Note from Jana Barrett, MS, CCC-SLP
The Austin and Lily curriculum is the perfect platform for speech therapists to use to target and improve speech and language skills. The books, worksheets, and presentations all focus on a variety of listening and speaking skills that can be directly targeted through speech and language therapy by a speech and language pathologist (SLP). Specific Individualized Education Plan (IEP) goals such as articulation, vocabulary, auditory comprehension, expression, social skills, and augmentative and alternative communication are easily worked on through this curriculum.
Every book in the Austin and Lily series targets a specific high interest topic using a variety of teaching methods and visuals. Each book targets specific vocabulary, main idea, questions, expressive language, and reading skills. These can easily be adapted to target speech and language IEP goals while using the classroom curriculum. This encourages and increases the amount of carryover of learned skills from direct speech and language therapy to the classroom. This curriculum easily supports the push-in therapy model as well, in which an SLP provides therapy services in the classroom while co-teaching with the teacher. This benefits the students, as they are receiving and being reinforced with instruction from both professionals. This also increases the teacher’s carryover of certain strategies to support speech and language students’ goals in the classroom.

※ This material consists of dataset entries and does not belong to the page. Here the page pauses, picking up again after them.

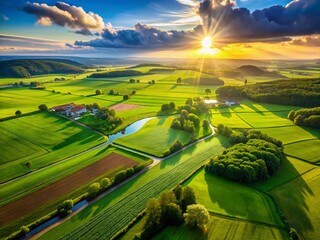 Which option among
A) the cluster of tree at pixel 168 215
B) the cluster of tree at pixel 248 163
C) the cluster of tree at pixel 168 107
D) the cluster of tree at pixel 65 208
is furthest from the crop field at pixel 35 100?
the cluster of tree at pixel 168 215

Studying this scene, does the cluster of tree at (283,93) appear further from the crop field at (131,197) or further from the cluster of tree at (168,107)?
the crop field at (131,197)

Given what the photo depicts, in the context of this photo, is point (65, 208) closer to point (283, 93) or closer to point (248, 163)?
point (248, 163)

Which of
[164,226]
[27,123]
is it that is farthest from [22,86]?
[164,226]

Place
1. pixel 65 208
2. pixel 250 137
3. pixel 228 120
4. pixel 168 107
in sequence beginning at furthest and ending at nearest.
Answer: pixel 168 107 < pixel 228 120 < pixel 250 137 < pixel 65 208

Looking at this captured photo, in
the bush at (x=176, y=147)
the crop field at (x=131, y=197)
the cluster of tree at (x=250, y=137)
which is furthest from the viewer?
the bush at (x=176, y=147)

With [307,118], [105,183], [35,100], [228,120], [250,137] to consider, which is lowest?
[35,100]

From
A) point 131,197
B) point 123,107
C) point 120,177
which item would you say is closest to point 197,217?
point 131,197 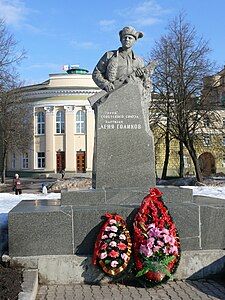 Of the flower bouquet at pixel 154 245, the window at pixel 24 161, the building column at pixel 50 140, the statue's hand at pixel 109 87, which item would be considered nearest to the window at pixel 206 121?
the statue's hand at pixel 109 87

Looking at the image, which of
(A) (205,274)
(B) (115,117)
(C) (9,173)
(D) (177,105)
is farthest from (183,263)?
(C) (9,173)

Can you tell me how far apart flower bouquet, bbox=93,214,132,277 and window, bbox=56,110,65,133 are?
42.9m

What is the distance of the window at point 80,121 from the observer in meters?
47.5

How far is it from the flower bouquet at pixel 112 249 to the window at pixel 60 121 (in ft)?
141

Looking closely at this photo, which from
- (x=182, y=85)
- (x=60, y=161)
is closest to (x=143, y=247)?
(x=182, y=85)

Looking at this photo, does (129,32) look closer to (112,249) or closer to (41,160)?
(112,249)

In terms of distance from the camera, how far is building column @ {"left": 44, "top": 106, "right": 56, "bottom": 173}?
4738 cm

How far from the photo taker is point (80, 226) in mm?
5574

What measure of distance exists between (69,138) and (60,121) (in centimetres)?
248

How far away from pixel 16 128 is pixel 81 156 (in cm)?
1380

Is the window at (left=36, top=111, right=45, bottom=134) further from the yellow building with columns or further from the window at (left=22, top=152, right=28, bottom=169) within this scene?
the window at (left=22, top=152, right=28, bottom=169)

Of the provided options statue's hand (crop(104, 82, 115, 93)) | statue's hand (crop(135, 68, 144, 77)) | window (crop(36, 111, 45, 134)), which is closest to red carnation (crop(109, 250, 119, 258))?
statue's hand (crop(104, 82, 115, 93))

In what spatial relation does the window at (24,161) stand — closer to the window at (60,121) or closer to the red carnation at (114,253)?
the window at (60,121)

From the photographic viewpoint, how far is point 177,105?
2400 centimetres
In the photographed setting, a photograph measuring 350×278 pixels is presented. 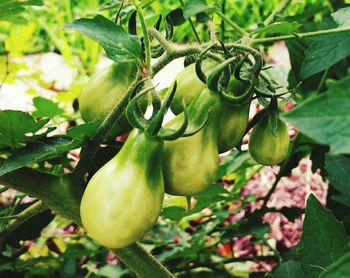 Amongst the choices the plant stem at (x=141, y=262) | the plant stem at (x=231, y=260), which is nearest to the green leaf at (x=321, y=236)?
the plant stem at (x=141, y=262)

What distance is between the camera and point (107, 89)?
2.03 feet

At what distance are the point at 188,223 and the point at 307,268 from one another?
82 centimetres

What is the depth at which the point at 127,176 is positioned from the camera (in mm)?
503

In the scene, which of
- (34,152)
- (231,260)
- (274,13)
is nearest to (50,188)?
(34,152)

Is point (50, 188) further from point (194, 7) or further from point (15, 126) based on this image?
point (194, 7)

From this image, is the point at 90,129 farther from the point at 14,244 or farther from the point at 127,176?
the point at 14,244

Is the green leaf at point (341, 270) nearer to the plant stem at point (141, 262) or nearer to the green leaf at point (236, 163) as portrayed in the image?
the plant stem at point (141, 262)

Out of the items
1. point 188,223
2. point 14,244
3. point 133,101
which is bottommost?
point 188,223

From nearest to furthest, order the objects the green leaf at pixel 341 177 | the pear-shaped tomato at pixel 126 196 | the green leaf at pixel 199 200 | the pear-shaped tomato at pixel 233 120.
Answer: the pear-shaped tomato at pixel 126 196 → the pear-shaped tomato at pixel 233 120 → the green leaf at pixel 341 177 → the green leaf at pixel 199 200

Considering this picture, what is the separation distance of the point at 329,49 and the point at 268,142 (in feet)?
0.51

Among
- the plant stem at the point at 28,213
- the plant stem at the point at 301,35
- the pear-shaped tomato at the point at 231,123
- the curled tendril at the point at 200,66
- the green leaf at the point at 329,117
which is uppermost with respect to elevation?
the green leaf at the point at 329,117

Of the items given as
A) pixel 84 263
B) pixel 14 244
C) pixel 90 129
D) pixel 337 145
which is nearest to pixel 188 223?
pixel 84 263

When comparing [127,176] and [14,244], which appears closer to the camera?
[127,176]

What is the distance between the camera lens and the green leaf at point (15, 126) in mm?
623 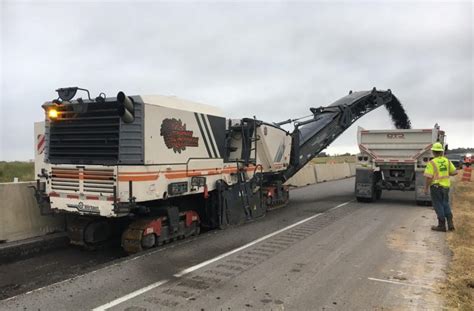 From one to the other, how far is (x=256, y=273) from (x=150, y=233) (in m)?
2.43

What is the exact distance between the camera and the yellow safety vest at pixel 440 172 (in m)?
9.48

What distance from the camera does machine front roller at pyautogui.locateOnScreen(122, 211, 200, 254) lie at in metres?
7.52

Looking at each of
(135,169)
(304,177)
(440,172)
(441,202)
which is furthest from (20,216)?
(304,177)

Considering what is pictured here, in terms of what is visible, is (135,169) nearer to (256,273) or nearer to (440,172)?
(256,273)

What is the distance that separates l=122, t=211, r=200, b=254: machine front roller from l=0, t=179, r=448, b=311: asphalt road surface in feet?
0.86

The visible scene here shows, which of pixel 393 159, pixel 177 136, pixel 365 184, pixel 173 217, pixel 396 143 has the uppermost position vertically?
pixel 396 143

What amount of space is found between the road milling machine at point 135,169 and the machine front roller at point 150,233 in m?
0.02

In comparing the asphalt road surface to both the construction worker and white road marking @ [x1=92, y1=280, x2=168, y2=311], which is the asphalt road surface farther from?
the construction worker

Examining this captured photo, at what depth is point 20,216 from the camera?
8023 mm

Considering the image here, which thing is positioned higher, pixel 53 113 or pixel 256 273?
pixel 53 113

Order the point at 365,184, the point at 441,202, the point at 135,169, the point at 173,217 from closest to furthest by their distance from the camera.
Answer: the point at 135,169 < the point at 173,217 < the point at 441,202 < the point at 365,184

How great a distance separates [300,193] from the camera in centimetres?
1772

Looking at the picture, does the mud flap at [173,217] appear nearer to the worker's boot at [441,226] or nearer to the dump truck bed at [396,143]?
the worker's boot at [441,226]

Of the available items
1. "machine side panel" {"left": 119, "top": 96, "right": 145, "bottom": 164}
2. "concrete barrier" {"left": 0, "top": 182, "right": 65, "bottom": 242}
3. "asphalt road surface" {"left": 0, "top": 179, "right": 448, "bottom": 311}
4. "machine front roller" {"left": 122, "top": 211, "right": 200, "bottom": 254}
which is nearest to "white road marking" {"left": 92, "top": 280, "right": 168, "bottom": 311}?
"asphalt road surface" {"left": 0, "top": 179, "right": 448, "bottom": 311} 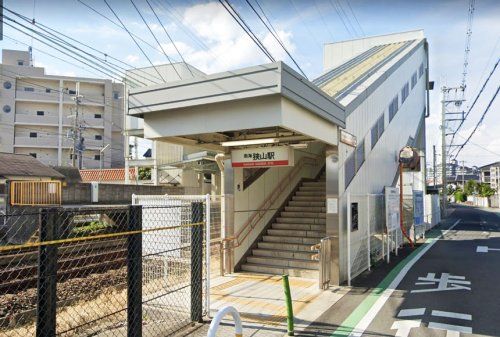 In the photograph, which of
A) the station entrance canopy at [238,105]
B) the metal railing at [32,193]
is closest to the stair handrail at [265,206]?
the station entrance canopy at [238,105]

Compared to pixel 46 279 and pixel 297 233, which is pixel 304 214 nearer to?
pixel 297 233

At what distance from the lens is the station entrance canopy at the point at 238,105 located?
649 cm

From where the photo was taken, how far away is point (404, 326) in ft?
19.1

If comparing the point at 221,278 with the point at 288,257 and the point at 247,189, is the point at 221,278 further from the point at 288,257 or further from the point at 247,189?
the point at 247,189

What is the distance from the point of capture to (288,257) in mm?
→ 9898

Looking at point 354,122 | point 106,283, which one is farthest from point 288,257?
point 106,283

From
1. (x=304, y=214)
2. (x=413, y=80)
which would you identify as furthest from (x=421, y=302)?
(x=413, y=80)

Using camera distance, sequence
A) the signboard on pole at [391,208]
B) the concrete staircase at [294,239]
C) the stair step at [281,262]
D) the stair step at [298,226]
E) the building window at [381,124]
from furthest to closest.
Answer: the building window at [381,124] < the signboard on pole at [391,208] < the stair step at [298,226] < the concrete staircase at [294,239] < the stair step at [281,262]

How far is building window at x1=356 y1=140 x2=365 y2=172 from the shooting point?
1022 centimetres

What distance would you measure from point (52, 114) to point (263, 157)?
4292cm

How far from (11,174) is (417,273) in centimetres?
1880

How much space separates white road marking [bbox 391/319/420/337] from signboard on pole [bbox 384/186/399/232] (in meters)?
5.51

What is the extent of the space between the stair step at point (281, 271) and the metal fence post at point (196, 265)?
3.70 meters

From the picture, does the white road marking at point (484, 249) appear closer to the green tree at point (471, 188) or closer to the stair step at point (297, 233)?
the stair step at point (297, 233) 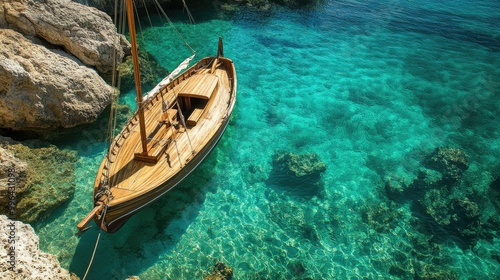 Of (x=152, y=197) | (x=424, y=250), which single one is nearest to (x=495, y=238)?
(x=424, y=250)

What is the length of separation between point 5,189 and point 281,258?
11.4m

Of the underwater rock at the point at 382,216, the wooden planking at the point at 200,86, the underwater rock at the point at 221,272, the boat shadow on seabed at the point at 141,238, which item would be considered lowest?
the underwater rock at the point at 382,216

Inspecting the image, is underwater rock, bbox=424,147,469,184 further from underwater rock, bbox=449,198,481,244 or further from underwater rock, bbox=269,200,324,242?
underwater rock, bbox=269,200,324,242

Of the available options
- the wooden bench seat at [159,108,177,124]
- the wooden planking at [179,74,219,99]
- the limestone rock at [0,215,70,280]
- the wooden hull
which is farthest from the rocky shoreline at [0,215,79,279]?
the wooden planking at [179,74,219,99]

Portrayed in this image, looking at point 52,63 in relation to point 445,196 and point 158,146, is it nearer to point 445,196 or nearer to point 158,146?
point 158,146

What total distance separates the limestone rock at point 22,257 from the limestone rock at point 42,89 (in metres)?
6.82

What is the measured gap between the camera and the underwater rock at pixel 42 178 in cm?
1337

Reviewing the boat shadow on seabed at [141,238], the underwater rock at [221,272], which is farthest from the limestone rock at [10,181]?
the underwater rock at [221,272]

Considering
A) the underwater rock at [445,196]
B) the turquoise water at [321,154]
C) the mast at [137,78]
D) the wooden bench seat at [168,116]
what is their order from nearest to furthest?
the mast at [137,78], the turquoise water at [321,154], the underwater rock at [445,196], the wooden bench seat at [168,116]

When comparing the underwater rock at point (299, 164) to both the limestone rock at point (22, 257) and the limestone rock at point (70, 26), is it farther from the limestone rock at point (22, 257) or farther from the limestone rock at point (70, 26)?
the limestone rock at point (22, 257)

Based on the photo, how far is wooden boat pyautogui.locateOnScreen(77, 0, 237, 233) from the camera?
1202 centimetres

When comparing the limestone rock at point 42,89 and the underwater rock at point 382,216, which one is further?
the underwater rock at point 382,216

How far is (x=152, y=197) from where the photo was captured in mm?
13102

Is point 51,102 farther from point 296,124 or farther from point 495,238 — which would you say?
point 495,238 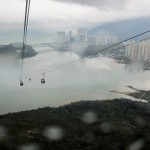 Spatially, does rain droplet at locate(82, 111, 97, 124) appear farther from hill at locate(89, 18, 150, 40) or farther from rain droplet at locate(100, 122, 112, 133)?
hill at locate(89, 18, 150, 40)

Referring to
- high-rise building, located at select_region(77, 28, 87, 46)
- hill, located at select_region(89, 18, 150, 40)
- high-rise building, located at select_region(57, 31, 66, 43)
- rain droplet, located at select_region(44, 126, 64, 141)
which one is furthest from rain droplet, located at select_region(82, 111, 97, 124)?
hill, located at select_region(89, 18, 150, 40)

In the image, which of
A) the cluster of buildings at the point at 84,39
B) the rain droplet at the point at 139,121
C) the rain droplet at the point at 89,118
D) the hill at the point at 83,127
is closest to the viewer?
the hill at the point at 83,127

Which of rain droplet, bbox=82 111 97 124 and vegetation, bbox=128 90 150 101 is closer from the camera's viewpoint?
rain droplet, bbox=82 111 97 124

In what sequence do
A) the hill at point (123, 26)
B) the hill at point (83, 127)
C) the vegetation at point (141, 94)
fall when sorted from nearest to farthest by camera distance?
the hill at point (83, 127) < the vegetation at point (141, 94) < the hill at point (123, 26)

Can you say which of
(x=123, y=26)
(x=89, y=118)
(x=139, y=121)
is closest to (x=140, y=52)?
(x=139, y=121)

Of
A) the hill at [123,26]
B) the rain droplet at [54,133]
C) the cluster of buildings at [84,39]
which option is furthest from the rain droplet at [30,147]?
the hill at [123,26]

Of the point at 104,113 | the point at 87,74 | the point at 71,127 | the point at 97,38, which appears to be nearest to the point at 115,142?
the point at 71,127

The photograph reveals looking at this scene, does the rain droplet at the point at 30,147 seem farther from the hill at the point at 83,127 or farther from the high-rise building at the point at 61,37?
the high-rise building at the point at 61,37

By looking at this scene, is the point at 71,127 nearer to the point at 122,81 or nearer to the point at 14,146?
the point at 14,146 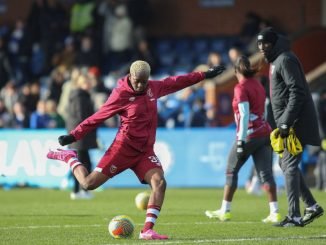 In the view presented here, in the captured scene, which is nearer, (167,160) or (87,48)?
(167,160)

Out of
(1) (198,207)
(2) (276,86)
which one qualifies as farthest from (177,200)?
(2) (276,86)

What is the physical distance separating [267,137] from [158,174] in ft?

Austin and Lily is a comprehensive curriculum that is a convenient way for SLPs to work on specific goals while reinforcing classroom content. This program is organized with many available resources, taking away the long planning time that can go into each speech and language session. Worksheets and data sheets are provided for ease of data collection. Targeting goals, increasing skills, measuring progress, and assessing for new goals are easily done through this curriculum. SLPs will be satisfied with the convenience of this curriculum for use during speech and language therapy.
The video below explains how to use our units. The lesson plan format for the science units is slightly different than what is shown, but still very effective. The worksheets are not listed by page in our science units like they are in the social studies units. The lesson plans for the science units also have activities listed at the top of the lesson plan to give you ideas to engage students in hands-on science projects.
Our lesson plan outlines how to talk to students about the material so that they learn and develop to their potential. All of our printable worksheets are related to the book and address language arts standards. We also embed functional skills, problem solving, choice-making, and self-determination into each unit.
Our PowerPoint presentations enhance comprehension, build background knowledge, and/ or teach a new skill. All of them, however, address speech and language development to improve conversational skills. We provide notes on the slides to assist with facilitating a discussion with your student(s).
Note: At times a video link is provided in the lesson plan. We know that sometimes links change and then don’t work. If that happens, simply do a video search on the net to find another one. Be sure to preview videos and determine where you want to start and stop ahead of time. Only show as much as is needed to provide the visual you were looking for. Let me know if a link doesn’t work, so we can find a new one.